Türkiye Kopenhag sınavında sınıfta mı kalacak?

Kopenhag’daki duruşumuzu belirlemek için yazılmış bu belgenin zayıf, iklim değişikliği gerçeğini ciddiye almaktan uzak ve Türkiye’nin mücadele kapasitesini küçümseyen nitelikte olduğunu ifade eden Greenpeace Akdeniz Enerji ve İklim Kampanyası Sorumlusu Hilal Atıcı, “2020 yılına toplam emisyon indirim hedefinin bulunmaması bizi ayrıca hayal kırıklığına uğrattı. Ayrıca enerji alanında belirlenen hedefler de Çin veya Avrupa Birliği hedefleriyle karşılaştırılınca çağın son derece gerisindedir.” dedi.

Türkiye bu belgeye dayanarak Kopenhag’da müzakere ederse bir Güney Afrika kadar bile olamıyor. Güney Afrika, geçen hafta yaptığı açıklamada sera gazı salımlarını 2020 yılında beklenen değerinden yüzde 34, 2025 yılında ise yüzde 45 indirim yapmayı taahhüt etti. Türkiye ise strateji belgesinde 2020 yılı emisyonlarından bir indirim hedeflemiyor. Tek hedef enerji sektörü için konulmuş, bu da yüzde 7 gibi son derece zayıf bir hedef. Türkiye de eğer gelişmekte olan ülkeler kategorisinde yer almak istiyorsa en az yüzde 30 indirim hedefini benimsemelidir.
 

Atıcı şöyle devam etti: “Savunma veya uluslararası ekonomi alanlarına gelince devleşen Türkiye gibi bir G20 ülkesi, bu belgeyle adeta ‘ben cüceyim’ diye ilan ediyor. Hükümet artık 2020 yılında beklenen salımlarını en az %30 azaltma hedefini benimsemeli. Mevcut duruşunu devam ettirirse Türkiye gelecekte çözüme ortak olan bir ülke olarak değil, anlamlı bir Kopenhag anlaşmasına engel olan bir ülke olarak anılacaktır.”
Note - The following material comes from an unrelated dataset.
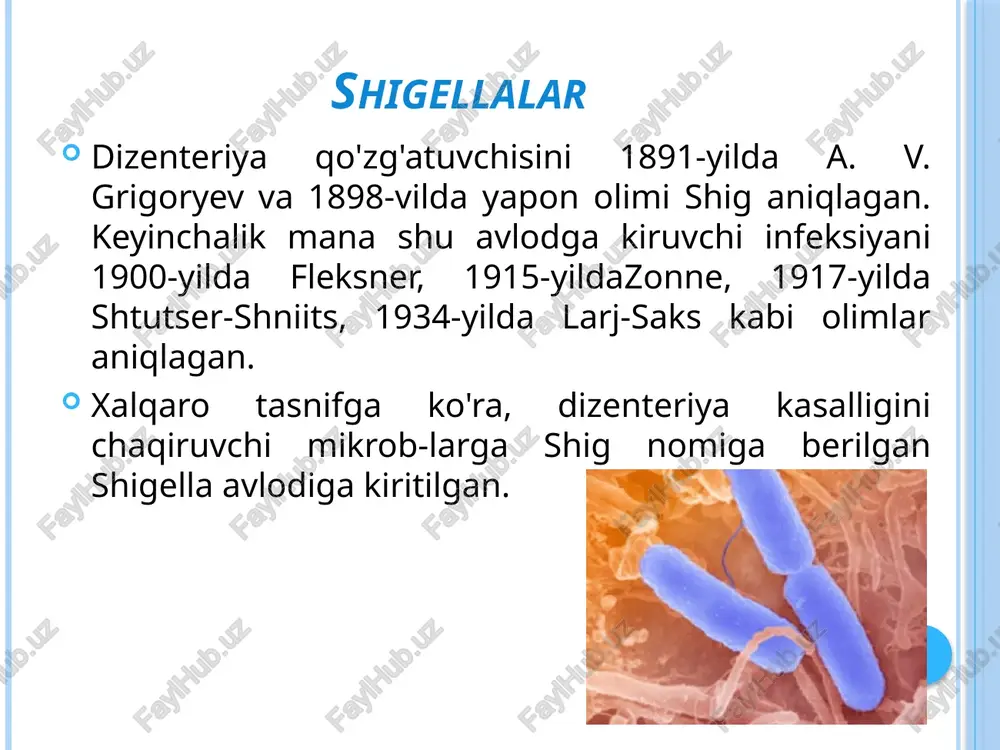 xos antigenlarni saqlovchi somatik 0 antigenini saqlaydi. xalqaro tasnifga ko'ra shigellalar to'rt guruhga bo'linadi va lotincha a, b, c, d harflari bilan belgilanadi. a guruhiga: 1) grigoryev-shig; 2) shtutber-eshmits; 3) larj-saks va 8-10 provizorlari kiradi. bu guruhga kiruvchi a'zolar faqat tur antigenini saqlaydi va arab raqamlari bilan belgilanadi. v guruhiga fleksner shigellasi kiradi. u murakkab antigenic tuzilishiga ega. u tur antigenini saqlaydi va ular rim raqamlari bilan belgilanadi hamda guruh antigenini saqlab arab raqamlari bilan belgilanadi. fleksner shigellasining 6 ta serovarianti mavjud.s guruhiga boyd shigellasi kiradi, uning tur antigeni bo'lib ta serologik turi mavjud. d guruhiga zonne shigellasi kiradi, uning turiga xos antige mavjud chidamligi. 100°c harorat ta'sirida shu zahoti, 60°c haroratda 20-30 daqiqadan so'ng nobud bo'ladi. past haroratga chidamli, ho'l meva va sabzavotlarda 10-15 oy saqlanadi. tik quyosh nuri ta'sirida 2-3 soatdan keyin, shig turi esa 20 daqiqadan so'n nobud bo'ladi. desinfeksiyalovchi moddalar ta'sirida 20-30 daqiqadan keyin nobud bo'ladi. …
Belgede önerilen politikaların pek çoğu Greenpeace’in uzun zamandır savunduğu politikalar olmasına rağmen, yasal hedefler konulmadığı sürece içi boş laflar olarak kalabilir. Ayrıca nükleer (http://nukleer.greenpeace.org/) ve kömür gibi Kyoto mekanizmalarında hiçbir yeri bulunmayan mekanizmalara destek vermek boşa kürek çekmektir.

Greenpeace, üç ayı aşkın bir süredir iklimicinvanminut.org sitesinden Başbakan Erdoğan’ın Kopenhag’da güçlü bir liderlik göstermesi için kampanya yürütüyor.